▶ _PROBLEM STATEMENT_: Starting with the line containing "Zara Black Sherpa-Lined" and going on through the line containing "Photo wallpaper Microsoft, logo, tablet, hybrid", return the lines of the data below exactly, and only those.

(Saved entries)
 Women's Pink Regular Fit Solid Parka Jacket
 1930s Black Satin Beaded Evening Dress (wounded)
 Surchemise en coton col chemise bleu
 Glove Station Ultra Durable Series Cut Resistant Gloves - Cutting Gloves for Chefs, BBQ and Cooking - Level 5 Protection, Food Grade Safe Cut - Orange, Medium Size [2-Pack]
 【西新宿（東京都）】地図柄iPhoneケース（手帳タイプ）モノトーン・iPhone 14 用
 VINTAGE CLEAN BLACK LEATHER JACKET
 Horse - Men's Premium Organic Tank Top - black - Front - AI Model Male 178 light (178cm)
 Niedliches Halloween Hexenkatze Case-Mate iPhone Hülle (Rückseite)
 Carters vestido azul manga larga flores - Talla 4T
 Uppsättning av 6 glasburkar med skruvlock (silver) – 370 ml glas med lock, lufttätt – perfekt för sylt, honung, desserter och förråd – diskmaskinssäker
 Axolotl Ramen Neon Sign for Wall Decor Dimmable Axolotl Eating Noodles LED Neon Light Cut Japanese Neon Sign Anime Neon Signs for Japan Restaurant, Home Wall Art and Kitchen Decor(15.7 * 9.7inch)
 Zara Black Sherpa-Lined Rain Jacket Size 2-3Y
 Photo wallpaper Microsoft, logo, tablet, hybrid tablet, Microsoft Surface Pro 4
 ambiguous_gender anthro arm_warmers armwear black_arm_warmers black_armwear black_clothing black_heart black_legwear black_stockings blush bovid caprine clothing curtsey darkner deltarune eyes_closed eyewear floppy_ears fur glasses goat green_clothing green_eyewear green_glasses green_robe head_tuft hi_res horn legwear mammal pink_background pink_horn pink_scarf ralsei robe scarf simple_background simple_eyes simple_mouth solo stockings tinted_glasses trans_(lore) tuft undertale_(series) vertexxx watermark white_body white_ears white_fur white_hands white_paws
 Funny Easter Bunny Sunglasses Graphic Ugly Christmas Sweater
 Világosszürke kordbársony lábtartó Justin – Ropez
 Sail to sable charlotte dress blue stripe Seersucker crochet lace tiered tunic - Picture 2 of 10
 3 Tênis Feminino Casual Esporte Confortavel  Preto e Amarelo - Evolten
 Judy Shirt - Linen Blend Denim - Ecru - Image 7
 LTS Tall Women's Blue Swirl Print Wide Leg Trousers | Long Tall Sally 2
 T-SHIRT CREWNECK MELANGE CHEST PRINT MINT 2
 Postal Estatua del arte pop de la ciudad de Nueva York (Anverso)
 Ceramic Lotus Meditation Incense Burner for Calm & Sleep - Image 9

▶ _RESULT OF THIS EXERCISE_:
 Zara Black Sherpa-Lined Rain Jacket Size 2-3Y
 Photo wallpaper Microsoft, logo, tablet, hybrid tablet, Microsoft Surface Pro 4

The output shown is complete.